Sunny Afternoon is the story of '70s Brit band The Kinks and their rise to stardom. The show had won a number of Olivier awards — Britain’s version of our Tony’s — so off we went. While The Kinks didn’t have the catalog of the Four Seasons or Carole King, the play had so much heart and energy, and the actors so captured the clothing and the mood of the '70s that we left wondering if we should pull our bell bottom pants from the attic.
Royal concerts
As a fluke we learned that Eric Clapton was performing at Royal Albert Hall for his 70th birthday the night before Al Stewart, and were able to snag a couple of tickets. The arena opened in 1871 and is only used for concerts. There is sacredness about this hall. Although RAH holds over 5,000, it is built so that the upper levels are pitched toward the stage, so it seems much more intimate.
Even though our tickets were in the nose-bleed section, we were almost sitting on top of Clapton. The audience, while appreciative, did not stand up and dance in place as is typical at U.S. venues. Perhaps it was the venue itself, or the fact that those in the upper levels literally had no room to do so and risked falling onto the stage if they did.
Clapton was quite different than he was when he performed in the Toyota Center the last couple of years, when he barely said hello. He was appreciative of his audience, and as he paused to tune his guitar the audience broke out into a spontaneous "Happy Birthday," whereupon Clapton flashed a delighted grin. And by golly, this time he sang “Layla,” although I would have preferred the non-acoustic version. It was his 200th Royal Albert Hall performance and what a performance it was.
Al Stewart and his full band also played to a sold out crowd at Royal Albert Hall a night later, and although he had played many gigs there earlier in his career, this performance was a bigger deal because he now mostly plays small clubs with one back-up musician and little fanfare. (He usually plays the Dosey Doe venue north of Houston once or twice a year to enthusiastic audiences.)
Music has a way of touching your heart, bringing the past back to the present and reminding you of where you have come from. Hearing this plucky talented musician still at top form, singing our favorites from a distant time at a distant place brought tears and joy to my friend and me. It was an emotional night.
Year of the Cat turns to Day of the Cats
No vacation is complete unless one does something really crazy. Crazy for us meant taking the advice of a Facebook friend to visit Lady Dinah’s Cat Emporium. Why would we run across town and pay 35 pounds ($54) each to visit cats when we both have our own?
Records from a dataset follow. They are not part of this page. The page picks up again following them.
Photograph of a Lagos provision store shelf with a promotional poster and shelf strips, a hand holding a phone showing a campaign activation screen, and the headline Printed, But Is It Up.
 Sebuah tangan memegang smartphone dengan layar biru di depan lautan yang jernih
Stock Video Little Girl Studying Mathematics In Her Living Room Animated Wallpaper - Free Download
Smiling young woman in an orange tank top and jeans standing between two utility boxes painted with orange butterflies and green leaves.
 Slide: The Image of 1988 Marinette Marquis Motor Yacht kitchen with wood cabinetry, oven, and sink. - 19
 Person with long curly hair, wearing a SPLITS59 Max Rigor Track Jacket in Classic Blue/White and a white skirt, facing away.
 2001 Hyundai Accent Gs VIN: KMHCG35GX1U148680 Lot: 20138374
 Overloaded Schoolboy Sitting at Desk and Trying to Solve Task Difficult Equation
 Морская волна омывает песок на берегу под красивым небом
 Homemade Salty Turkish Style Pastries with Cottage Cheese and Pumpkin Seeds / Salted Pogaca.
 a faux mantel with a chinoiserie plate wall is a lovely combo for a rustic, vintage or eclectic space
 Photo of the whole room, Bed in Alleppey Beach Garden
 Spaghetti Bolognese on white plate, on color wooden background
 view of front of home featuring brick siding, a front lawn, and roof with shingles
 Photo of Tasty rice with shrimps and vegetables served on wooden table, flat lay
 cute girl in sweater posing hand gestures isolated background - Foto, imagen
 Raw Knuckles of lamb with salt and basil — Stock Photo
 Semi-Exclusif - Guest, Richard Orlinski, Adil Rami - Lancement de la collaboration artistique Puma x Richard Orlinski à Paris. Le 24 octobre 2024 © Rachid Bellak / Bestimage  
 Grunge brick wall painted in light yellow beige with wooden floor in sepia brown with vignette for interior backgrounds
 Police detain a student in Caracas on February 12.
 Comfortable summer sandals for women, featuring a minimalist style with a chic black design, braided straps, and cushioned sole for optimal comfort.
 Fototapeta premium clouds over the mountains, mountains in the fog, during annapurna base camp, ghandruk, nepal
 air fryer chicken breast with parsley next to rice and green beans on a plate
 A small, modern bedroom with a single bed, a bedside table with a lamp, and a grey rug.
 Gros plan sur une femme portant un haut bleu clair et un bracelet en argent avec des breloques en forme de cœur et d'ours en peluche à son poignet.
Go figure. Lady Dinah’s opened last year after using crowdfunding to raise 108 thousand pounds (about $168,000).
These cats are savvy social media creatures and each has his or her own Twitter account.
Before you laugh and wonder how a business like that could survive, tea times are sold out through June. I predict there are enough crazy cat people (including me) that this idea will catch on here in the States. Who knew our “year of the cat” concert trip would end up with “afternoon tea with the cat?”
A purrfect ending to a nostalgic trip.